- Theatrical release poster
- Directed by: Frank Telford
- Screenplay by: Frank Telford
- Story by: Alford Van Ronkle (as Rip Von Ronkle) John P. Fulton (as John Fulton)
- Produced by: Charles E. Burns Jerry Fairbanks
- Starring: Dan Duryea John Ericson Lois Nettleton
- Cinematography: Hal Mohr
- Edited by: Richard A. Harris (as Richard Harris)
- Music by: Edward Paul
- Production companies: National Telefilm Associates Jerry Fairbanks Productions
- Distributed by: World Entertainment Corp.
- Release dates: October 23, 1968 (Boston, Massachusetts);
- Running time: 103 minutes
- Country: United States
- Language: English

= The Bamboo Saucer =

1968 film

The Bamboo Saucer is an independently made 1968 Cold War science fiction film drama about competing American and Russian teams that discover a flying saucer in Communist China. The film was re-released in 1969 under the title Collision Course with a reduced edited runtime of 90 minutes.

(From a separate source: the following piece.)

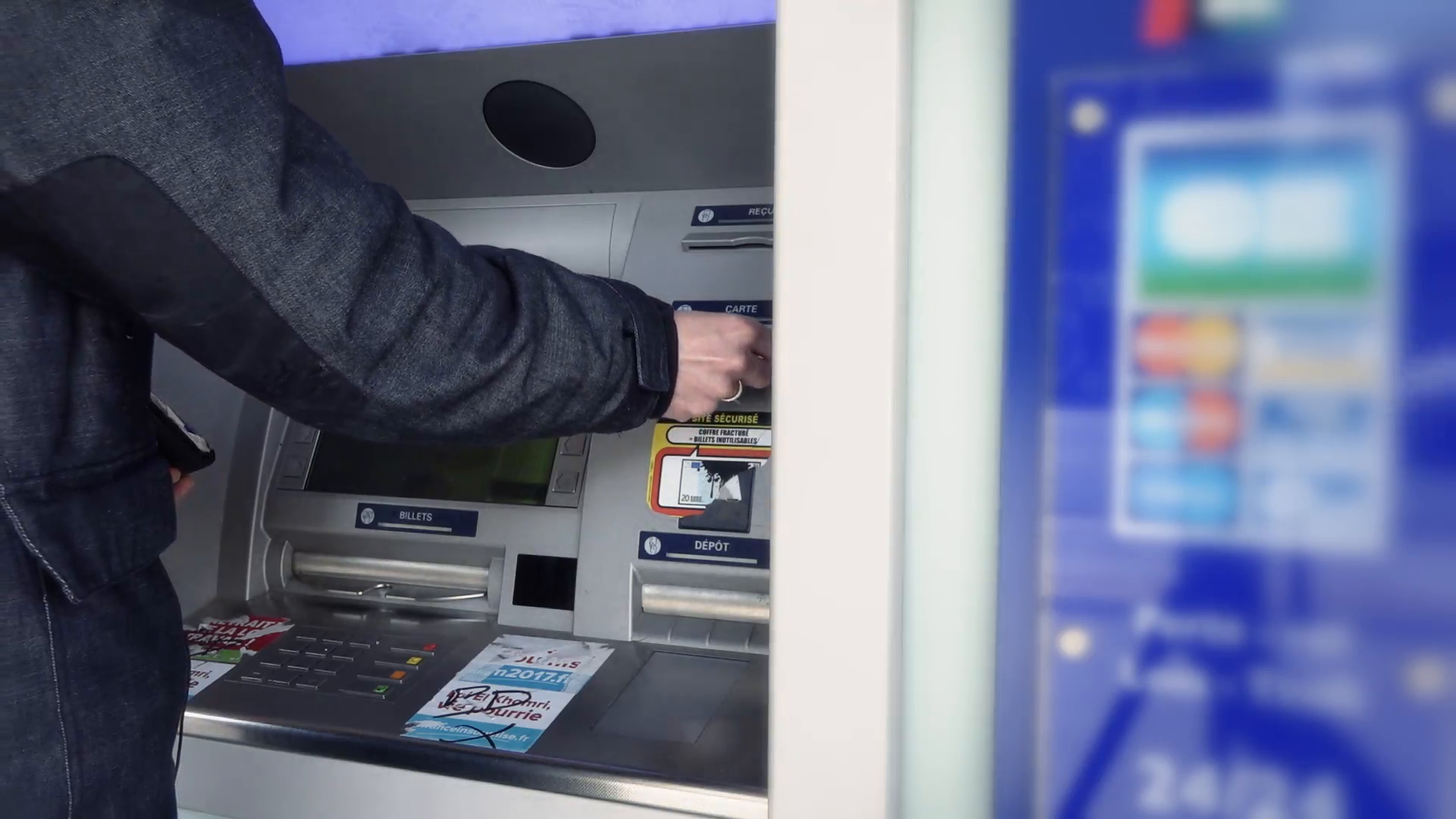 Man Withdraws Cash From Atm Machine In Paris, France Stock Video Footage   Videoblocks - Atm, Transparent background PNG HD thumbnail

This was the final film for both actors Dan Duryea and Nan Leslie.

==Plot==
Test pilot Fred Norwood is flying the experimental X-109 (actually an U.S. Airforce Lockheed F-104 Starfighter jet aircraft accompanied by a chase plane, another F-104). During the flight Norwood finds himself pursued by a flying saucer and has to engage in a series of tricky aerobatics to protect himself. Once on the ground, Norwood is informed that the radar tracking his jet picked up no other aircraft near him except the chase plane. Though Norwood insists on what he saw, his superiors believe he has had a series of hallucinations and order him off the project. Blanchard, under pressure from the USAF, testifies that the UFO was an optical illusion caused by aerial inversion.

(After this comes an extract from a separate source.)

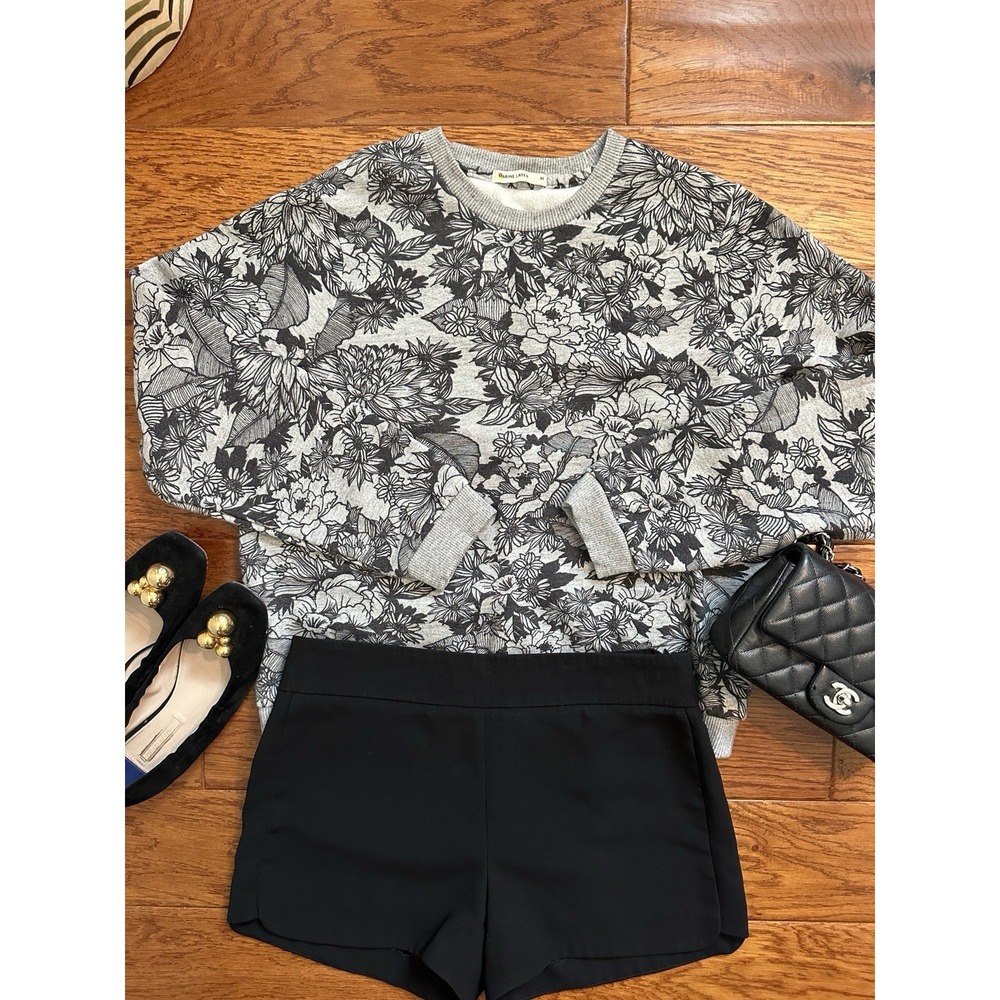 Marine Layer Womens Medium Grey Black Floral Crewneck Sweatshirt Pullover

Norwood decides to prove what he saw by patrolling the area in a surplus North American P-51 Mustang equipped with futuristic laser radar until he reaches the point of exhaustion. As Norwood sleeps, his best friend, Joe Vetry, a fellow pilot who is married to Norwood's sister Dorothy, takes off in the Mustang when the radar set picks up an unidentified flying object. Fred and Dorothy see Joe's aircraft vanish off the radar screen; later Federal Aviation Administration crash investigators tell Fred that the Mustang disintegrated in mid air in a manner similar to the accounts of the Mantell UFO incident.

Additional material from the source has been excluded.